I tried to stay away from Denvention, but they wouldn’t let me
This year’s World Science Fiction World Convention was in Denver, only 1 timezone away from Seattle. So why would I try to stay away? What could be more fun to a science fictionist than hanging out with a group of other science fictionists? Well it costs money for one thing. So I did the responsible thing and emailed someone who was going so they could talk me into going: Eric T. Reynolds. He’s the editor of the “Ruins Terra” anthology which had published a story by me (which makes him pretty damn cool in my book) and he said he had put together a panel for all the great writers that contributed to the anthology.
As if that wasn’t enough, I consulted with a fellow fictionist, Larry Hodges, and he suggested that not only could we room together, we could be Rising Stars together.
My resistance evaporated.
The convention was great! I used to live north of Denver and in the nine years that I’ve been away, things have gotten weird over there. As you leave the airport, you see a giant statue of a white horse rearing up, its eyes glowing red. And I mean really red! Apparently, not only have the Denver Broncos got new uniforms, they’ve have gone goth!
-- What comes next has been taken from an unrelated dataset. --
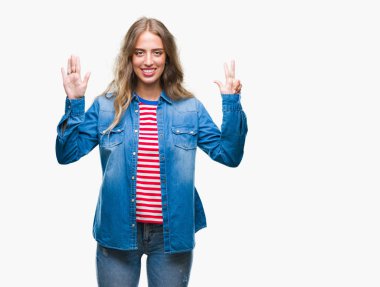 Gösterilen ve parmakları ile işaret izole arka plan üzerinde sarışın güzel genç kadın kendinden emin ve mutlu gülümseyerek süre sekiz numara.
Then there is the mystery of the giant blue bear outside of the Colorado Convention Center. Most bears (like the Coca-Cola bears, or even the Chicago ones) are nice and lovable icons rather than the communist meat eaters as they are portrayed on the Colbert Report. But look at this thing! For what other reason would a four story giant blue bear be reared up on its hind legs and peering into the convention center, other than its going to bust in and eat science fiction fans like they were yummy snasages?